→ Data provided
--- START ---

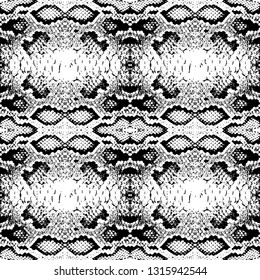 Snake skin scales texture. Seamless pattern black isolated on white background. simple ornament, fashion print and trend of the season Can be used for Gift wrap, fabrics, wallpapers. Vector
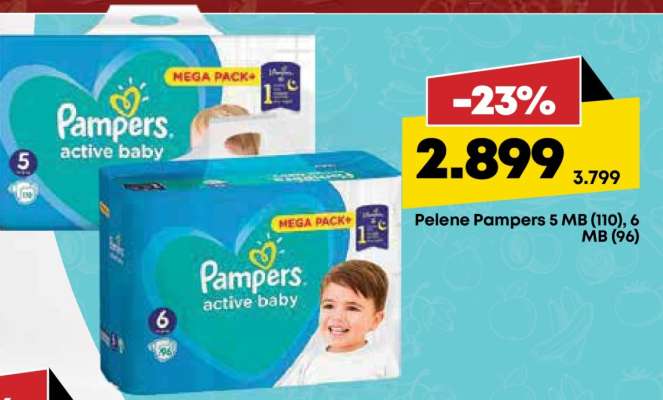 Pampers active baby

--- END ---
--- START ---

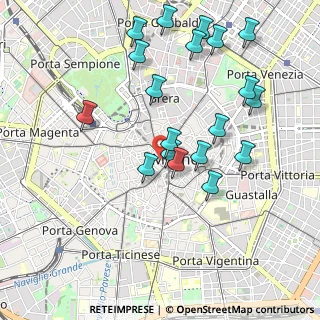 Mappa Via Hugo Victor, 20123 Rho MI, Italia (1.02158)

--- END ---
--- START ---

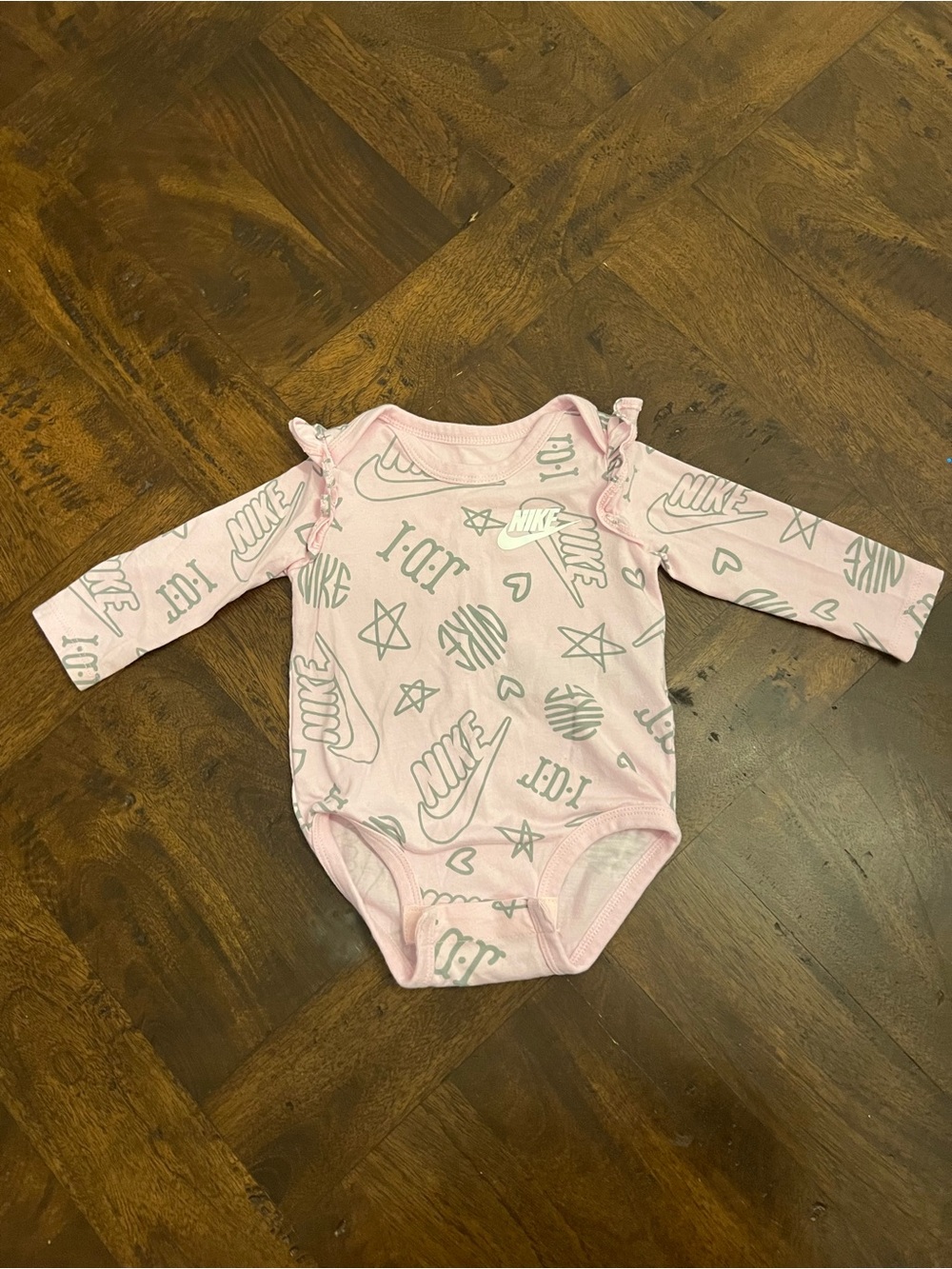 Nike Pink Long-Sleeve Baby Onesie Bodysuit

--- END ---

→ What to produce
Return exactly the stretch above whose first line contains "Snake skin scales" and whose last line contains "Pampers active baby", and nothing outside it. The pictures should not appear.

→ Your response
 Snake skin scales texture. Seamless pattern black isolated on white background. simple ornament, fashion print and trend of the season Can be used for Gift wrap, fabrics, wallpapers. Vector
 Pampers active baby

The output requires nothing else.